PROVIDED MATERIAL Block Start

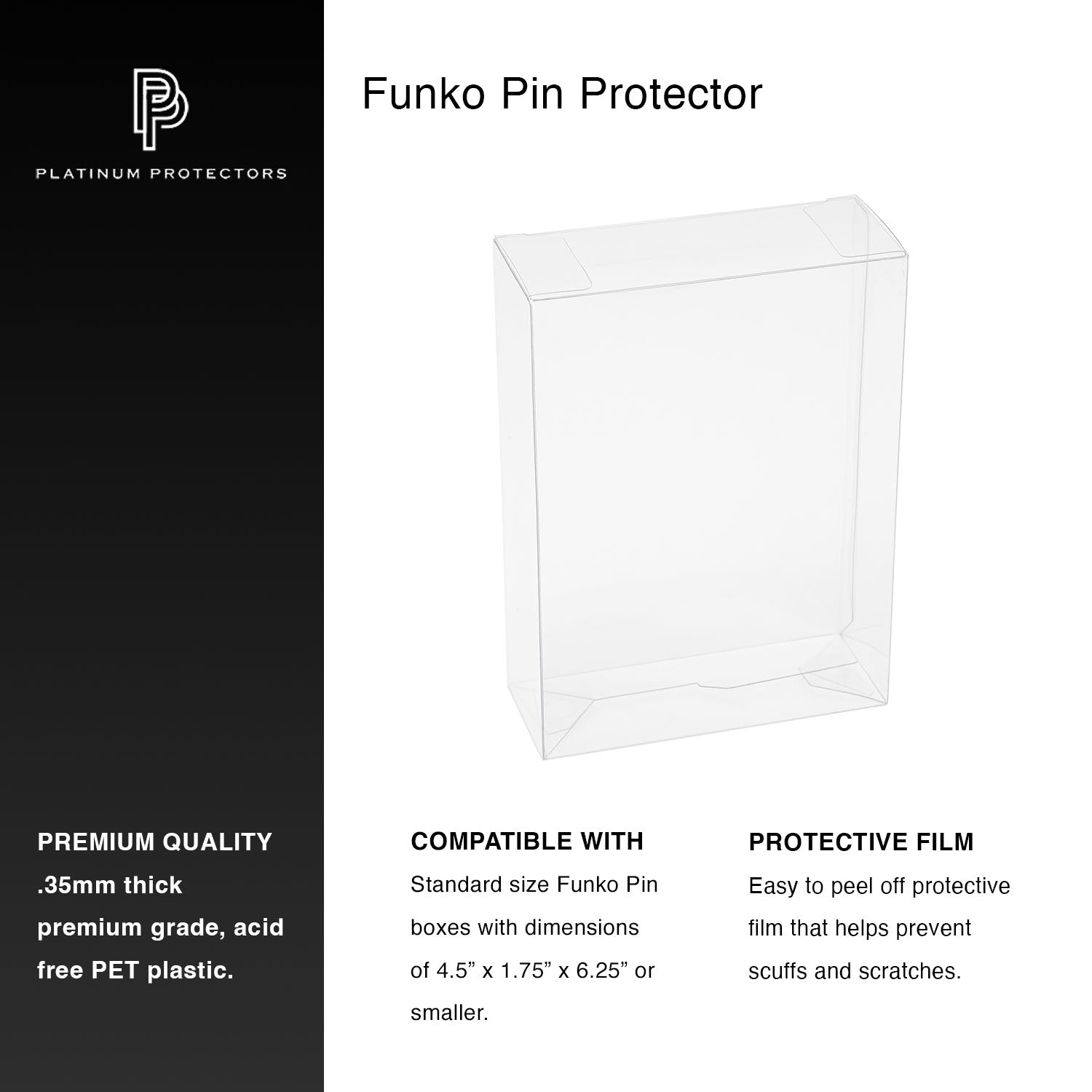Platinum Protectors for Funko Pop! Enamel Pin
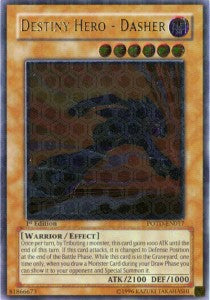 Destiny HERO - Dasher (V.2 - Ultimate Rare) - Power of the Duelist (Ultimate Rare) [POTD-017]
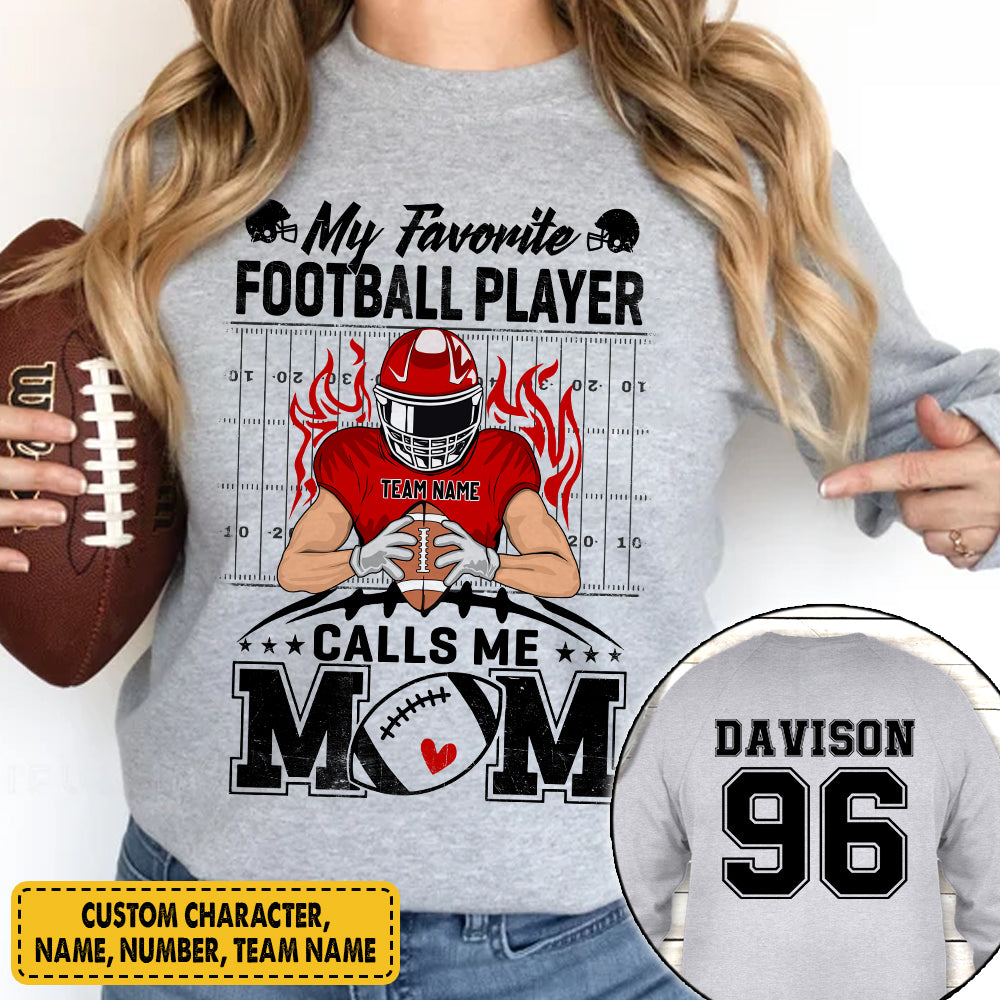 Football Mom Shirt, Two Numbers & Two Names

PROVIDED MATERIAL Block End

WHAT YOU WILL DO
Only the pictures are to be left out; restate everything else in the listing word for word.

EXPECTED ANSWER
Platinum Protectors for Funko Pop! Enamel Pin
 Destiny HERO - Dasher (V.2 - Ultimate Rare) - Power of the Duelist (Ultimate Rare) [POTD-017]
 Football Mom Shirt, Two Numbers & Two Names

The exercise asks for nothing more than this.